In 2002, I applied for a Social Security System (SSS) number in our hometown. As I wrote my name, the staff told me to change my name since I am already married. I told her about CEDAW to the point of arguing, but in the end, I yielded, otherwise, I wouldn’t be issued with SSS. It was the same when I bought an insurance policy in the Philippines in 2016. I already paid the initial amount needed. But the company sent me emails requiring me to change my name. This time, I told them that if they would not approve my name, I would discontinue the insurance, and they must return my payment.
To address these grievances, the Philippine Commission on Women issued Memorandum Circular 2016-07 on October 12, 2016, addressed to all government and private institutions to allow married women to retain and use their maiden name under existing laws.
Why does a woman use the husband’s family name?
For many women, using their husbands’ names meant solidifying their commitment to their vows and embracing their spouses’ families. However, using the husband’s name is deeply rooted in patriarchy, and a creation of the capitalist societies, as described by Frederick Engels in The Origin of the Family, Private Property and the State.

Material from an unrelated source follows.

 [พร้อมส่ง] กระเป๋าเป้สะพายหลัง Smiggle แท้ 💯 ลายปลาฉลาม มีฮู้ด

Furthermore, the monogamous marriage was invented by patriarchy as assurance that all the heirs or progeny belong to the husband – the wife and the children becomes “private properties”. Hence, they must be named after the husband or the father. And those named after the father would have inheritance, including the wife.

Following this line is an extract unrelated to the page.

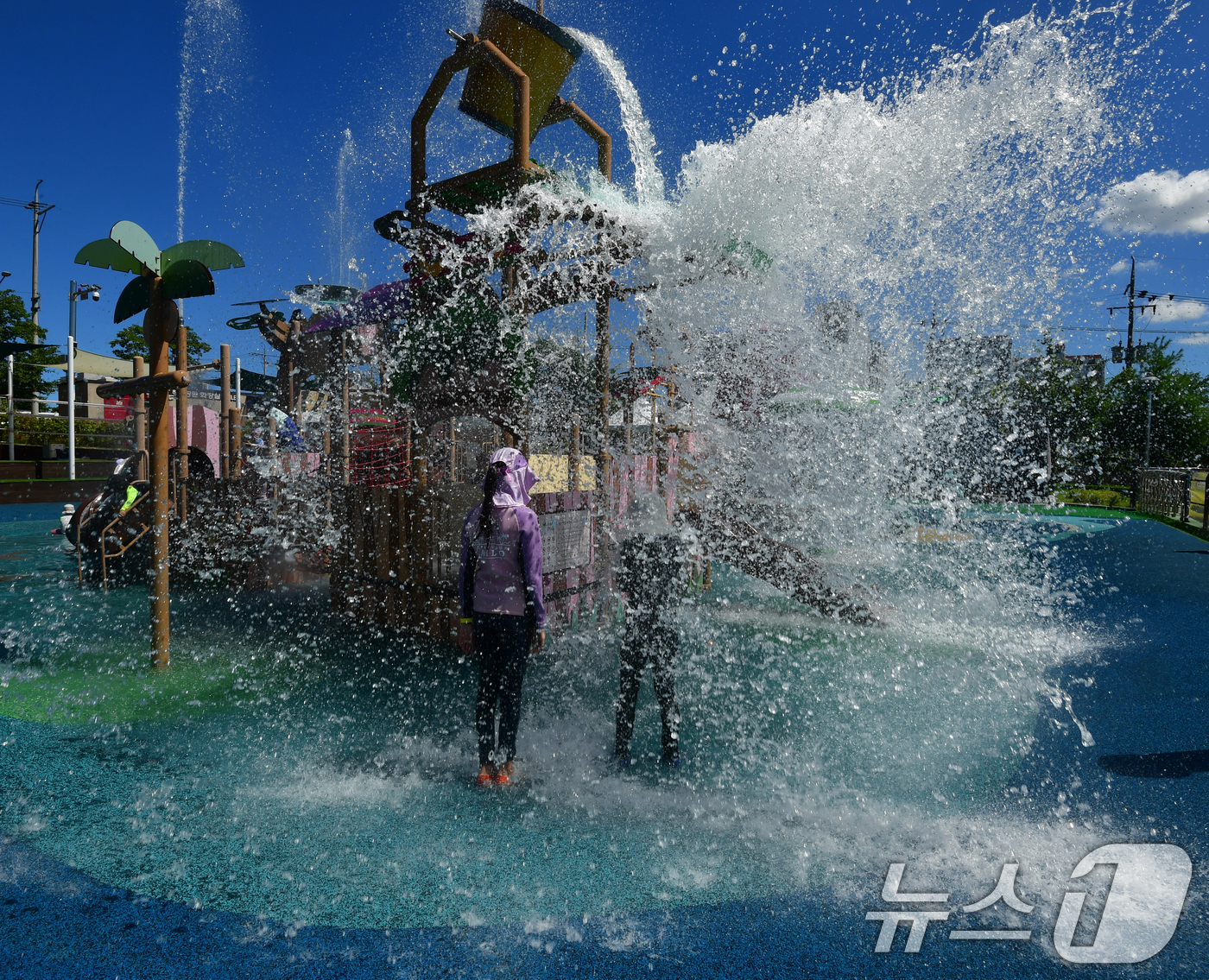 (포항=뉴스1) 최창호 기자 = 27일 경북 포항시 전역에 폭염특보가 발령된 가운데 북구 침촌근린공원 물놀이장에서 한 가족이 시원한 하루를 보내고 있다. 2025.7.27/뉴스1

The religious tradition also plays a role in why women have to change their names. Although it is not explicit, during the wedding vows, the couple is reminded that ‘Therefore a man shall leave his father and his mother and hold fast to his wife, and the two shall become one flesh’ (Mt. 19:5).
In the Philippines, family name plays an important role in politics. The larger the family, the more recognizable the name, the better chance in politics. It is not unusual to ask about the father’s name even in barangay (villages) especially during the campaign period.
Although in the pre-colonial Philippines, our ancestors were either named after their place of origin or after their father’s name, the women, either married or not lived in an egalitarian society where they could have the same privileges equal to men of the same rank.
Today, even though a married woman does not use her husband’s family name, she is still known by her father’s surname. Does it make a difference? We’ll see.